October 28, 2017

Google: The Interview

Original post from November 2014

WARNING: The following post refers to anonymous persons and companies. We have changed the names to protect the innocent. Real names have been replaced with just random data*

In Hiring 2.1 - the Agile Way, I said that interviews takes too long.

Google takes longer. I had 7 interviews over 5 months.

The timeline was something like this:

  • 2010: Applied for a Sales Engineer post when Google opened an office in SA
  • 24 February 2011: contacted by a Google HR person from London. I had to complete an evaluation form, where you rate yourself on programming languages, systems, experience in specific industried. In Google style, a rating of 10 applies only if you have written a book on that subject.
  • 2 March 2011: 30 minutes telephonic interview with HR person. He had a list of multiple choice questions. It included things like "what is the command to rename a file on Linux" and some other Java and TCP/IP questions
  • 9 March: 1 hour telephonic interview with a Technical Account Manager from the UK. This was a standard type of interview. Interesting questions were stuff like "what do you think of Android" and "what can Google do in Africa". I think one of the questions, either in this interview, or one of the other ones, was "what happens when I type a website name into the navigation bar and click enter" - this entails a talk about DNS, IP, HTTP, etc. Read this for the answer
  • 26 May: four sets of interviews at the Google Johannesburg office. At the last minute, they asked me to do it over video conference from home, as their conferencing system was down. I used Google Talk (now Hangouts) with each of the interviewers, with video and Google Docs sharing.

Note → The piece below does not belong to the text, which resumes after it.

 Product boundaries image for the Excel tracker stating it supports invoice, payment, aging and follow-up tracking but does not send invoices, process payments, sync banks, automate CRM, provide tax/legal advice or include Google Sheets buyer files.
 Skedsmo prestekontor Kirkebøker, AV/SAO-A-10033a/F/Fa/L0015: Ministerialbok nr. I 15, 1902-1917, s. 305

The last part was interesting. I was interviewed by 4 people, one at a time, 45 mins each, over video conference:

  • Technical Account Manager) based in London
  • (Tech Lead Manager) based in London (Technical Interview)
  • (Sales Engineer/Technical Account Manager) based in London
  • (Business Development Manager) based in Lagos (HR/Client facing skills interview)

There were a few of the typical Google/Microsoft brain teasers:

  • How much will a Art Restorer earn - this went on for about 15 minutes
  • How much will Google pay Dell to pre-install the Google Toolbar on new Dell PCs - this went on for about 20 to 30 mins
  • What is the angle between the hour and minute hand at 3:15

The question where I really struggled was where I was asked to implement atoi (array to integer converter) in pseudo code. I had not coded for a few years, so this really threw me. I had to type the code in a shared Google Doc - he commented on the code as a struggled along.

This article talks about how Google have been proven the above questions to be a waste of time.